- Developer: Hudson Soft
- Publisher: Hudson Soft
- Platform: Wii (WiiWare)
- Release: JP: June 23, 2009; PAL: June 26, 2009; NA: June 29, 2009;
- Genre: First-person shooter
- Modes: Single-player, multiplayer

= Water Warfare =

2009 video game

Water Warfare, known in Japan as Bang Bang Kids (バンバン☆キッズ, Ban Ban☆Kizzu), is a first-person shooter video game by Hudson Soft for WiiWare. It is the second game in the genre to be released by Hudson Soft for WiiWare (after Onslaught).

Involving combat with water guns, Hudson has described the family friendly game as a "first-person soaker", which holds up Hudson's core design philosophy that prohibits explicit violence between people playing a game.

==Gameplay==
Along with replacing firearms with water guns of several types (such as water firing machine guns, sniper rifles and rocket launchers), the game also replaces grenades with water balloons, armor with raincoats, and health bars with wet T-shirts, with health regenerated as the shirt dries in the sun or by the player picking up a towel. The water guns are refilled via drinking fountains situated around each level, with the game featuring 8 maps set amongst nature parks, beaches, playgrounds and a Venetian city.

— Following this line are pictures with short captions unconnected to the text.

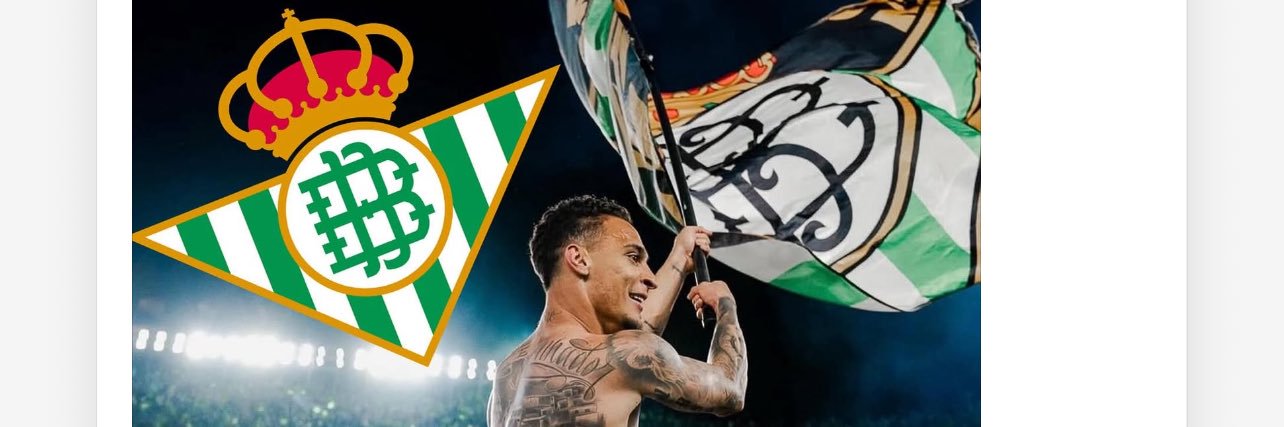 GoatF7ever's profile banner image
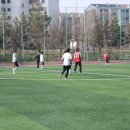 초지운동장 이미지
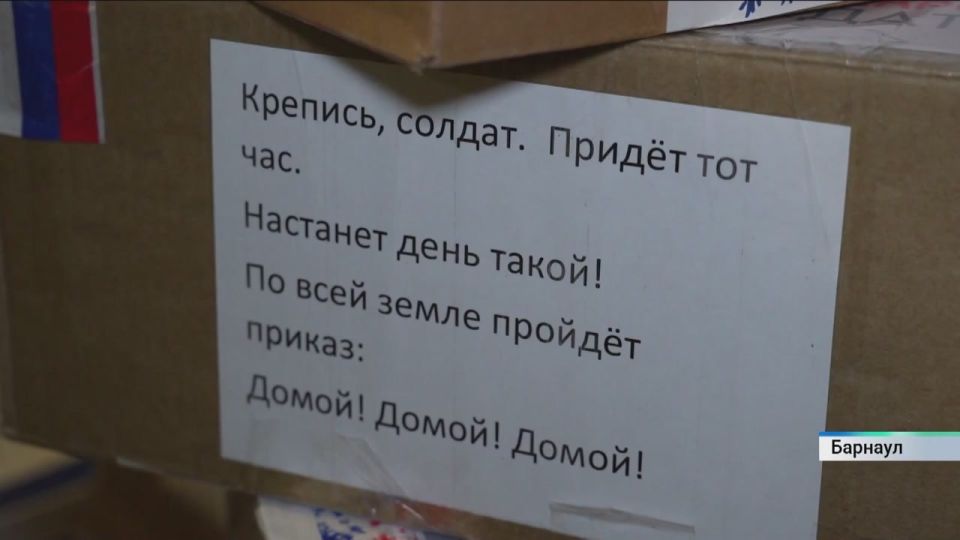 � ������ ���� ������ ������ ���������� ���� ������� ������� ��� ����������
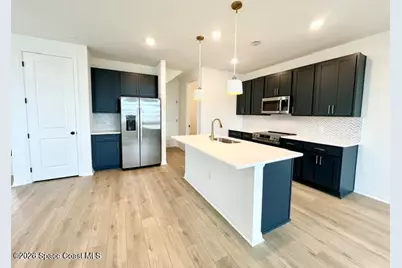 1389 Bluewater Lane, Rockledge, FL 32955 - Photo 13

The game features split-screen multiplayer for 2 players and online multiplayer for up to 8 players. Six multiplayer modes are featured including Battle Royale (survival), Deathmatch, Treasure Chest (capture the flag), a team-based Assault mode and Point Rally (race). The game also features a 38 mission long single player campaign, a spectator mode and bots to play against.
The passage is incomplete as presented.